My aircraft is a low wing (wing tanks) with a 912iS, so vaporization is only likely on the suction side of the pump.  After the pump the fuel is at 43 psi and circulating at around 28 gallons/hour, so not likely to vaporize. I have experienced a loss of power on a hot day using a high RVP fuel after the plane had set in the sun for several hours. This was caused by the fuel vaporizing on the suction side of the pump, causing the pump to cavitate. The cavitation is audible as well.

I did an experiment with avgas in one tank and winter mogas in the other.  I left the aircraft in the sun for four hours then ran the fuel pumps on each tank (aircraft not running). The avgas tank provided 44 psi and quiet pump operation, while the winter fuel caused a noisy pump (light cavitation) and only 41 psi.  

Last year I installed a fuel temp sensor, which reads out on my G3X, and the results are quite interesting.  I have found that it takes only a couple hours on the ramp on a hot day to have fuel in the tanks over 110 deg f., and can easily reach 120 with a bit more time. The fuel quickly gets hotter than the outdoor temperature because of solar radiation heat through the aircraft skin.  On climb out, the cooling rate of the fuel is slow, initially less than 1 deg f per minute.  In full climb, I can reach 5000’ with the fuel only 5-8 degrees cooler than it started.  Once up in the cooler air the cooling rate increases. There is some heat contribution from the engine compartment as the fuel is returned to the tank, but on my aircraft that seems somewhat inconsequential as compared to solar heating of the fuel before takeoff.  Of course, vaporization in a carbureted aircraft (with its low pressure fuel system) has a very different set of factors than an injected aircraft. 

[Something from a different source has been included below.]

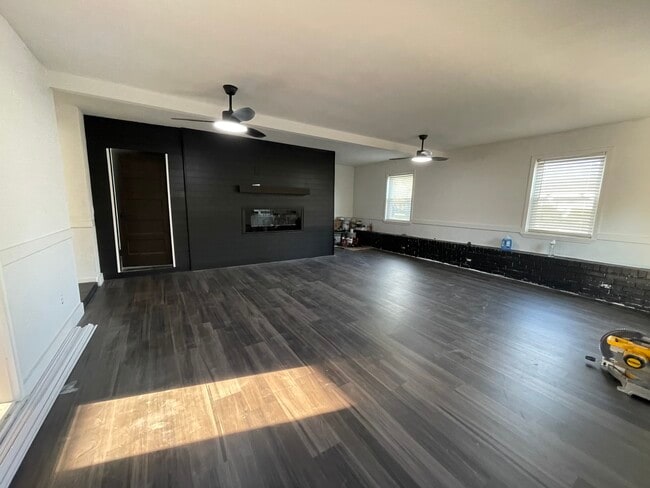 910 Clearmont Dr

As far as fuel temps go, I always presumed that the fuel in the fuel rail of the injected engines never spent enough time near the engine to warm any measurable amount.
At 43 psi and 30 gal/min, the flow through the 1/4" fuel rails will have the fuel leaving the pumps back in the tank in less than 10 seconds.
Not enough time to collect much heat at all.
The fuel in the engine compartment may become heat soaked while parked, but those few ounces of fuel will be back in the fuel tank before the engine is even started.
The fuel tank's mass and surface area will be the temperature-controlling elements.

Now the older carb'd engines without a return line are a different story.
The only way out for the fuel is through the carbs.
Any hot fuel in the lines will have to wait its turn to slowly get to the carbs.
The plus side of Carbs is that they tend to run cold from the evaporating fuel.
It is a plus only to the point where Carb Heat is needed.
At least a Carb Vapor lock is not a thing.

- - -

When I built my plane, I temporarily used a clear hose for the return line to view the flow.
The fuel exiting the pressure regulator had thousands of tiny microbubbles similar to what you see when opening a soft drink bottle.
About a foot downstream, they merged into proper respectable bubbles on their way back to the fuel tank.

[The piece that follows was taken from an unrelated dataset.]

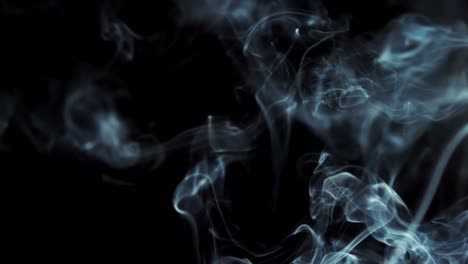 humo que se eleva sobre un fondo negro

I have no experience with petrol fuel injection systems. The following is speculation.

My limited understanding of physics would suggest that raising the pressure of a liquid (petrol) will also raise the temperature.

I also understand that increasing the pressure, will increase the boiling point, reducing the chance of vaporisation (a good thing).

If this warmer/hot petrol is then further exposed to heat (engine) the fluid temperature will rise further.

The unused, hot, fuel will return to the tank, warming its contents. In so doing the pressure is reduced, to ambient and the boiling point reduced. increasing the chance of vaporisation.

It seems to me that any tendency for the tank fuel to be warmed should be avoided.

None of this presents as an issue when ambient temperatures are low, as the volume of petrol in the tank will likely be such that the rise in temperature is inconsequential and much of the fuel delivery system itself will tend to cool the petrol within..

Sean

The bubbles in the return line of the injected engines are do to the rapid decompression of the fuel as it leaves the high pressure side of the regulator at 43 psi and moves to the low pressure side at about 1 psi. This is expected, and the 912iS install manual instructs that the return line must enter the fuel tank such that these bubbles are not drawn back into the fuel supply line, and are instead vented out.

Watching the fuel temperature during flight, I have not seen any noticeable heating of the fuel in the tank from the recirculated fuel. The ambient conditions seem to be the determining factor.  

Jeff Blakeslee wrote:

Sean

The bubbles in the return line of the injected engines are do to the rapid decompression of the fuel as it leaves the high pressure side of the regulator at 43 psi and moves to the low pressure side at about 1 psi. This is expected, and the 912iS install manual instructs that the return line must enter the fuel tank such that these bubbles are not drawn back into the fuel supply line, and are instead vented out.

Watching the fuel temperature during flight, I have not seen any noticeable heating of the fuel in the tank from the recirculated fuel. The ambient conditions seem to be the determining factor.  

Sounds sort of reasonable to me Jeff.

I find it hard to believe, that there is no contribution, to fuel heating, from the FI system and that your "bubbles."are not in part due to heat as well as decompression.

I would also point out the "............bubbles are not drawn back into the fuel supply line, and are instead vented out" must have the effect (how much?) of reducing the concentration of volatile fractions within the fuel, therefore negatively impacting on its burn qualities.